Mortgage advisers across New Zealand say the introduction of 1.5% cashback offers has triggered a sharp rise in refinancing activity, leading to longer processing times and operational pressure at lenders.
The latest mortgages.co.nz and Tony Alexander Mortgage Advisers Survey for December 2025, based on responses from 51 advisers, highlights widespread frustration with delays as borrowers switch banks to secure cashback incentives.
Advisers report that demand from first home buyers remains solid, although lower than last month, with a net 31% saying they are seeing more first-time buyers seeking advice.
This compares with 55% in November but is consistent with October’s result, reinforcing that younger buyers continue to play an active role in the residential market.
Several advisers noted that while live deals are progressing, pre-approvals have become harder, with some banks temporarily pausing pre-approvals due to Christmas backlogs and refinancing demand.
Investor interest remains present but subdued.
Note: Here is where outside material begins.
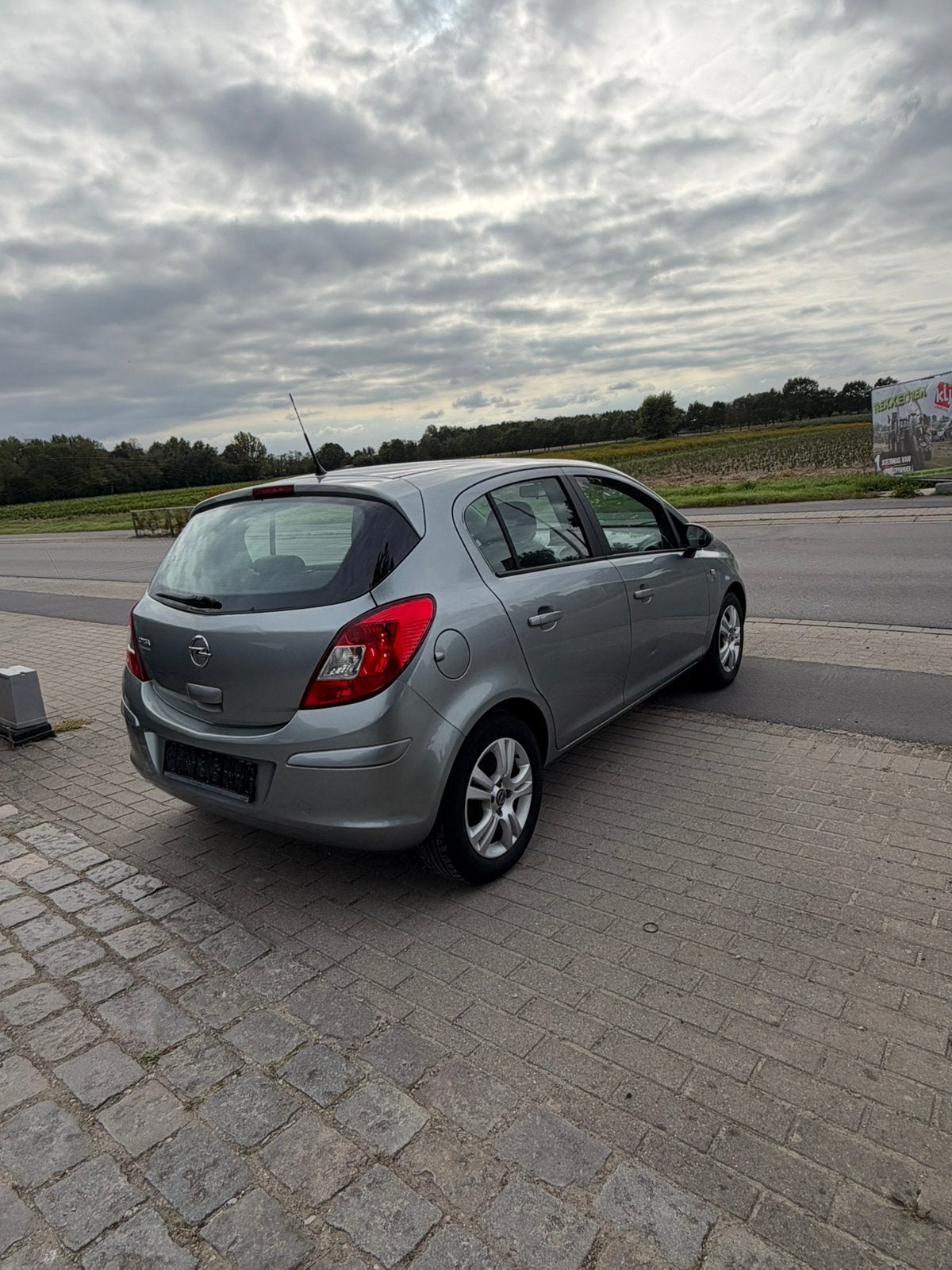 Mooie Opel Corsa benzine 73000 km, Auto's, Bedrijf, Corsa, https://public.car-pass.be/vhr/130c4b2e-0705-4331-ac0c-544c6a6335d2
A net 22% of advisers reported seeing more investors in December, down from 31% in November but higher than October’s 14%.
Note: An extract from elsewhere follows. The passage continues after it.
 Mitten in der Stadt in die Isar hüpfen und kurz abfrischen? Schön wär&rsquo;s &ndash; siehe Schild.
Advisers described criteria as broadly stable, although cashback-driven refinancing has complicated processes, particularly where break costs and tight documentation timelines are involved.
Some banks have shown greater flexibility, including easing deposit requirements in limited circumstances, while others have restricted lending to manage volumes.
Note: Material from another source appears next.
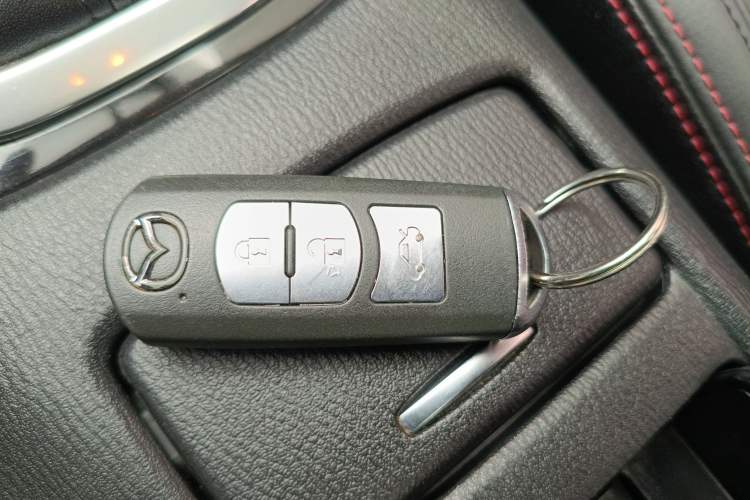 Used Mazda Atenza 2015 2.0L Blue Sky Luxury Edition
The survey shows lenders remain broadly willing to advance funds, with a net 39% of advisers saying lending appetite has increased.
This is consistent with recent months and indicates credit availability remains supportive, despite delays caused by the refinancing surge.
Advisers said the operational strain is temporary but notable, driven almost entirely by cashback-led switching rather than new purchase demand.
Borrower preferences for fixing mortgage rates have also shifted. Advisers reported a clear move away from one-year fixed terms towards two- and three-year periods, reflecting expectations that interest rates may rise following the Reserve Bank’s more hawkish-than-expected decision on 26 November.
The proportion of advisers citing one-year fixes as the preferred option fell from 60% to 15%, while two-year preferences rose to 33% and three-year to 19%.
Refinancing enquiries reached a record high in December, with a net 76% of advisers saying more borrowers are asking about refinancing, up sharply from 24% last month.
Advisers attributed the surge almost entirely to the advertising of 1.5% cashback offers, which have prompted borrowers to reassess existing loans despite the administrative burden involved.